Power PR: Matthew Freud and the Murdoch Empire

Many media commentators are speculating on who exactly has the most to lose from the precipitous events caused by the News of the World hacking scandal. The obvious casualties are the hundred journalists who have been pushed out into the cold. Murdoch has withdrawn from BSkyB bid. Other titles are in a definitive tailspin. Andy Coulson could be looking at some time in the slammer.

Arguably, the incandescent political damage done by the phone hacking has savaged the Prime Minister’s brand. Any scandal that needs to propel a failing opposition leader into a favourable light requires emergency PR council. Alas, Ed Milliband isn’t free to dance on the Prime Minister’s misfortune because he too is aided by an ex News International journalist.

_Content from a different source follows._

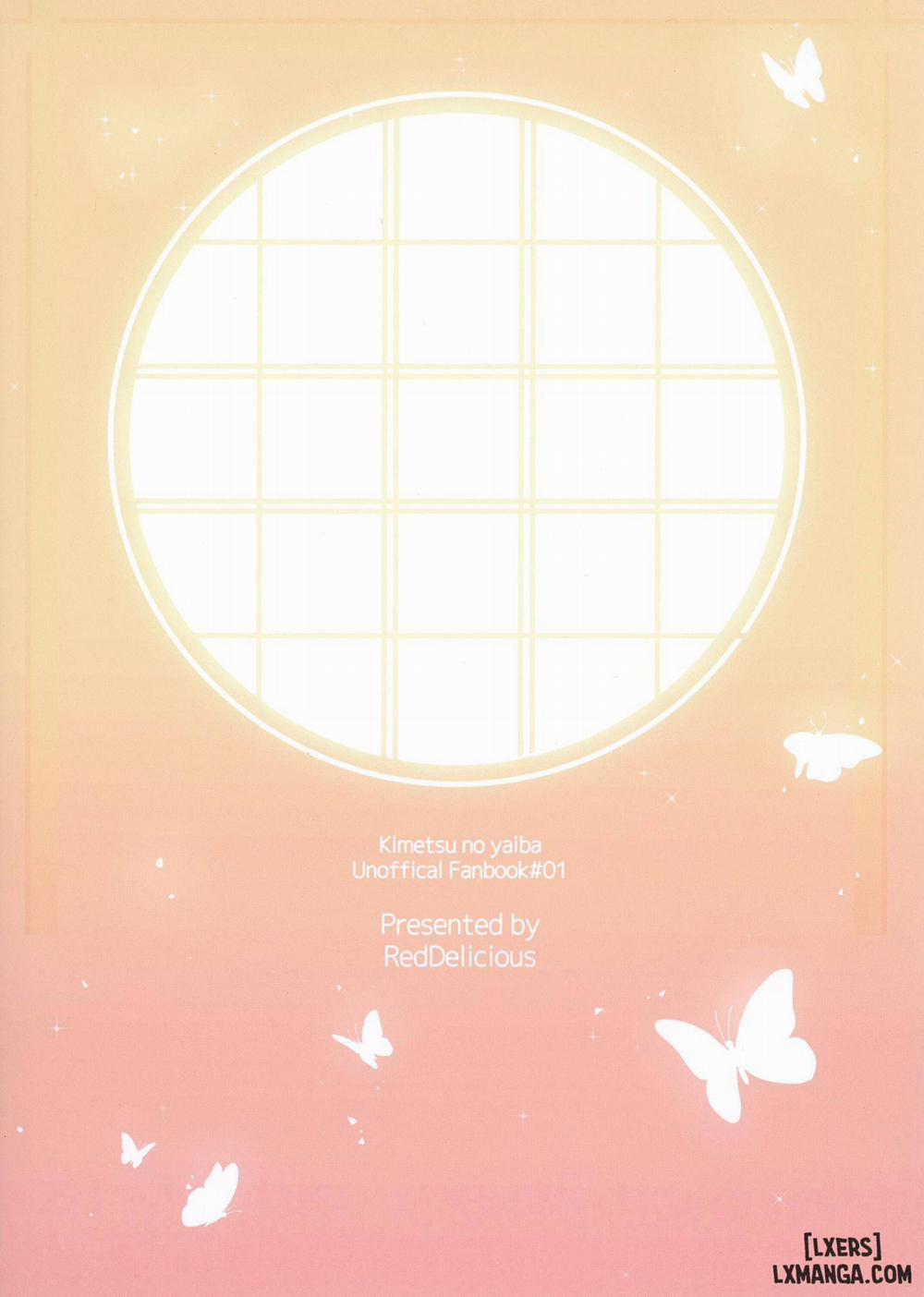 Welcome To The Butterfly Mansion Oneshot trang 39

Matthew Freud is perhaps one player who has even more to lose. I’ve been operating a PR company breathing the same oxygen as Matthew, but he’s been on an impressive mission and built a far bigger empire. Make no mistake, the omnipresent Freud, eminence grise, is held on high by the phantom in the wings. The PR industry gives credence to the fact that he is the country’s most powerful PR broker. His influence, aided by his marriage to the Murdoch family and his close friendship with Rebekah Brooks, simply cannot be ignored. He sits in the middle of the powerful circle to the advantage of many of his clients.

Why not? Isn’t that what every powerful PR broker has done since the birth of public relations? After all, Freud is related to Edward Bernays, the grandfather of spin. Certainly legend has it that if Matthew was involved on any company account, things happened. Embellishing the corporate Freudian myth became a brilliant pitching device and a pivotal instrument for his empire. Yet now, many are questioning whether this leverage is under threat.

It looks like his desire to be influential in political power has been thwarted, and of course so has Murdoch’s. Suddenly it is possible to ask whether The Sun ever did win an election. Has the spell been broken?

It seems, now, that the newspapers’ influence might be waning generally and that News Corporation’s political clout is actually pretty limited – as the sacrifices made in the name of BSkyB would prove. What is a 168 year old newspaper worth in the face of television’s reach? Not a lot, apparently.

As the old Fleet Street vet Roy Greenslade commented in his blog: “The press is not, and probably never has been, as powerful an agent as politicians seem to believe. On the other hand, it is certainly not as neutral and lacking in influence as proprietors tend to say.”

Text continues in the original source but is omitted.